The latency numbers are highly specific to your load, because as load increases, things like scheduling algorithms start mattering more, especially the fundamental tradeoffs between latency and throughput. Knowing the distribution of these numbers under load is important... though I'd suggest that said distribution is still fairly likely to be dominated by the user code rather than the framework code. But the hello world benchmark is still a crucial one, because it serves as the limit of performance, so if you can show that some webserver can't even do what you need with that, you can eliminate it.
There is also the "request overhead in seconds" you get for a relatively uncontested system, where the system would have to be fairly pathologically broken to see a high variance in results. (You'll get some from GC, but in this case I wouldn't call that variance high in the patterns you'll see from a hello-world handler.) This number is important because while it is in a lot of ways more boring, it is also I suspect the relevant number for the modal web server.
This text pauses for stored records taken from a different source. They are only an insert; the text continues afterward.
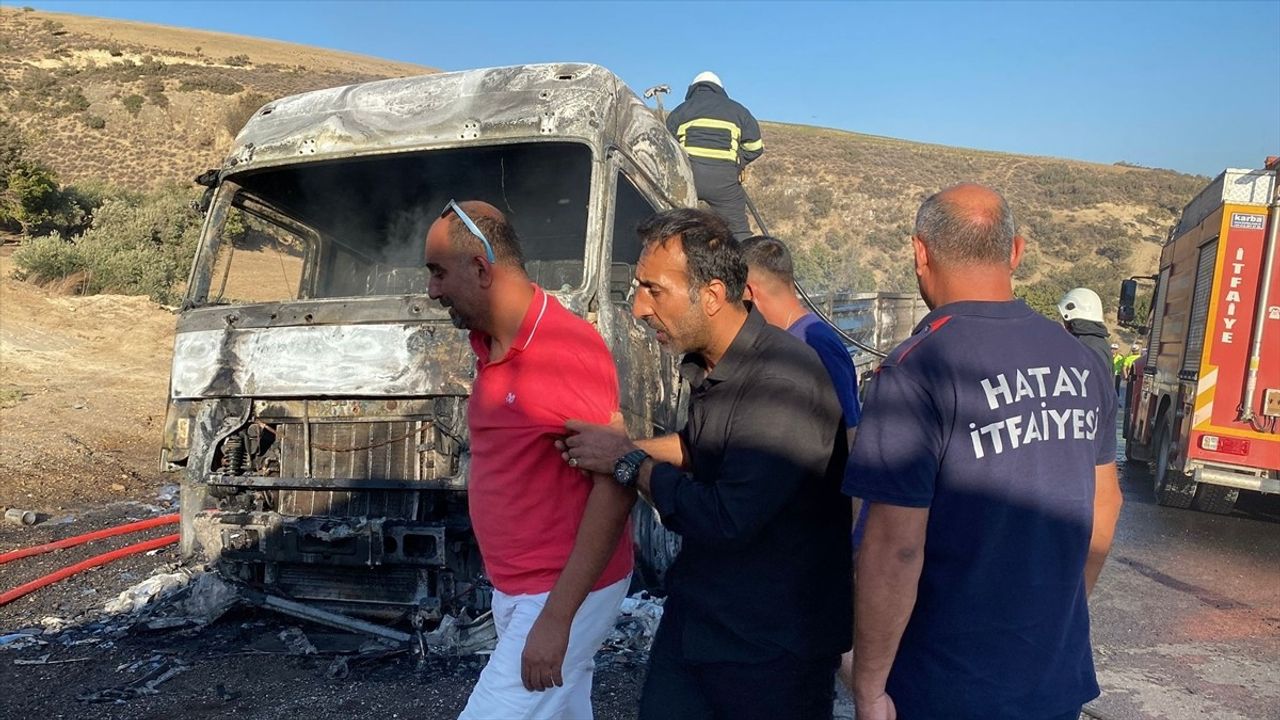 Hatay Belen'de seyir halindeki tırda çıkan yangın itfaiye ekiplerince söndürüldü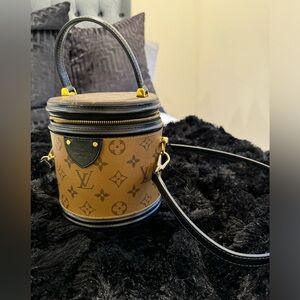 100% Authentic Cannes Louis Vuttion handbag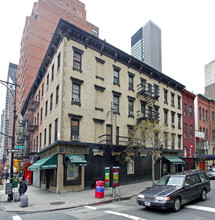 981 Second Ave in New York, NY - Building Photo - Building Photo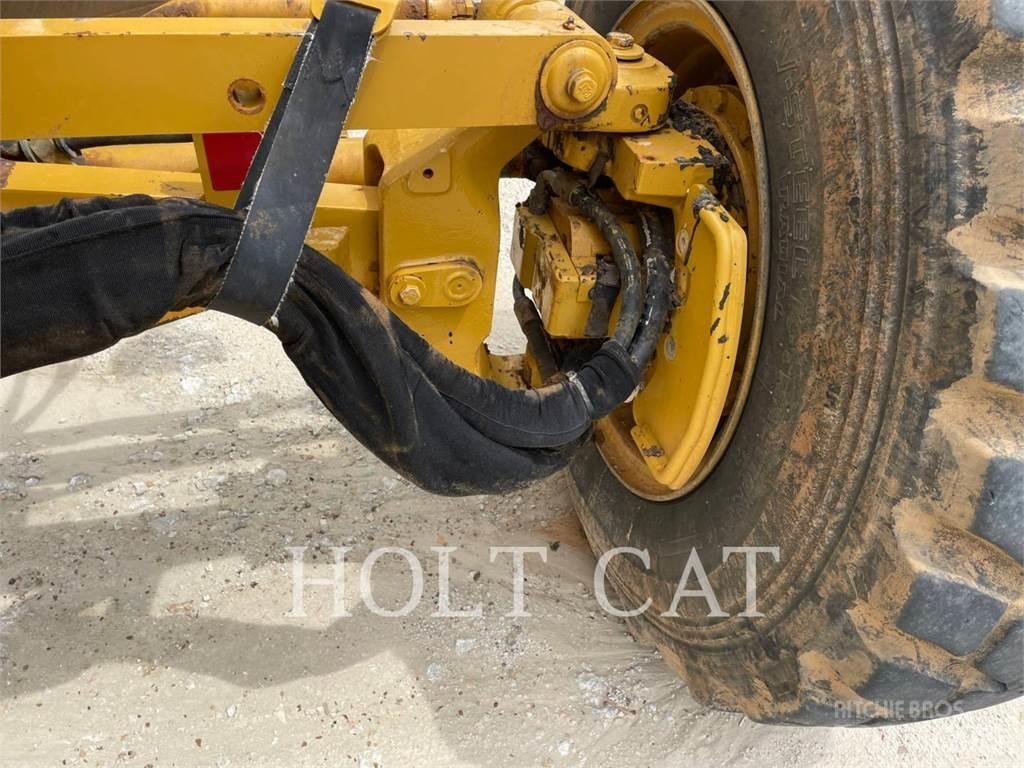 CAT 150-15AWD Greiderid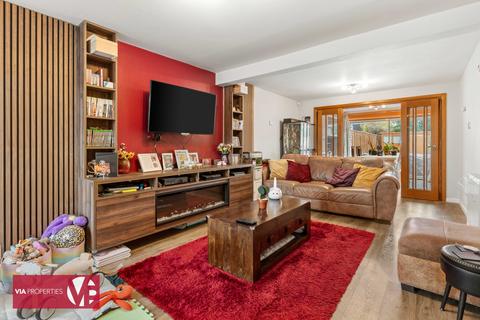 undefined, Lampits, Hoddesdon EN11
I suspect this is another one of those cases where some very visual image leaps to mind, the web server for Google or Facebook that is constantly getting hammered at 90% of capacity (and that carefully by design since systems get increasingly pathological as you approach 100%) serving highly optimized requests where every microsecond matters... but those are actually the rare web servers in the world. Most webservers are doing at least one of twiddling their thumbs for long stretches of time or waiting for user code to do what it's going to do in the milliseconds... or seconds... or minutes....